Syria


Transport
Accommodation
Damascus
Visa
Border crossings
Places of interest
Tips
Review

Note: This information was gathered in 2010 and the political situation in Syria has since changed dramatically. In fact it is a war zone. Travelers are strongly discouraged from traveling to Syria at this time.

Transport

Transport in Syria is pretty much the same deal as Turkey. Long distance journeys are most comfortable by bus, though squeezing in a minivan with all the local is also an option. Travel around Syria is easy and affordable. There are trains too, however I have never boarded one in Syria.

Some examples:
From Allepo to Damascus: A VIP comfortable bus will cost you 200/250 SP and it takes 4 hours. A minibus from the Damascus terminal to Bar Touma (Christian part of Damascus) was 150 SP.

Damascus to Palmyra: Bus costs 200 SP/3 hour journey.

Palmyra to Del Azur: Bus costs 200 SP/2.5 hour journey.

Del Azur to Raqqa: Minibus costs 150 SP/2.5 hour journey.

From Raqqa to Ath Thaura and Lake al-Assad/Qala’at Ja’abar castle: Minibus costs 500/600 SP/1 hour journey (it is a bit off the main track).

From Al Assad back to Ath Taura: Catch minubus again or pay 400 SP and Mohamad will give you a ride as there some days there is can be no other options (talk to people in the restaurant there). In Ath Taura you can get a ride for only 50 SP back to Raqqa (big difference in price).

In Raqqa you have to ask the locals to point you to different bus station if you want to travel onwards to Qamishli. It is not far to walk.

Raqqa to Qamishli: Minibus costs 200 SP/3.5 hour journey.

In most cases it is very easy to find bus terminals and minibus stops.

Hitchhiking is possible but some places in Syria have very little traffic so you might find yourself standing by the side of the road for some time before hitching a ride.

Accommodation

Plenty of hostels in big cities but not so much in the smaller rural areas. Not to worry there are always plenty of hotels at reasonable prices.

Some places I stayed at:
In Allepo I stayed in Hotel Damascus opposite Sheraton (can’t miss it). The cost was 600 SP. Before stumbling upon this little place I walked around for hours trying to find a place to stay in. They were all fully booked so when I got to Hotel Damascus that 600 sounded pretty cheap.

Damascus: I could not find a place to stay. I don’t recall it being any special time of a year nor I can’t think of any extraordinary events happening at the time, yet all the hostels were fully booked. Bar Touma is a Christian quarter of the city and all the Westerners are there. It is the only place in Damascus where you can drink alcohol publicly or in bars. For public consumption go to the mushroom square. A lot of foreigners as well as young Syrians hang out there and they all drink. Beer in a shop costs about 50 – 60 SP for Efes.
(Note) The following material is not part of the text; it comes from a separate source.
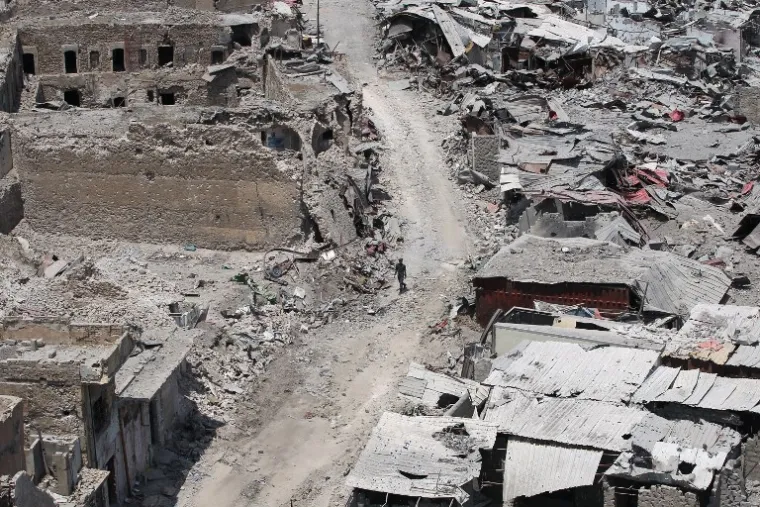 FOTOGRAFIJE POTPUNO RAZRUŠENOG GRADA: Iračke snage proglasile su pobjedu nad ISIS-om u Mosulu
I managed to talk a lady from Hostel Damascus in Bab Touma into letting me stay on the rooftop. Now she still had the cheek to ask me to pay 800 SP a night. For a rooftop!!

In Palmyra you can stay in a nice hotel for 300 – 400 SP (for example: Citadel Hotel).

At Lake Al Assad there is no accommodation available but if you talk to people in the restaurant there they will put you up in a tent for 300 SP/night. The restaurant people rule..!!

In Qamishli: Omayyad Hotel which is on the way towards the border costs only 400 SP. It’s very simple but very sufficient. Room with two beds and a wash basin. Fairly clean.

Damascus and me

Up in Adana and Antakya in Turkey I had already noticed the change in climate. It was considerably warmer. Now Syria was proper hot. I spent a few days in Allepo walking around admiring the narrow and chaotic streets of the old town. I had a quick look at the citadel and got bored. Went back to the hotel and relaxed for a while. Finally I made up my mind to leave here and made my way down south to ‘Dimashq’. I took the late afternoon bus which cost just about 200 Syrian pounds (sp) and took around four hours to reach Damascus.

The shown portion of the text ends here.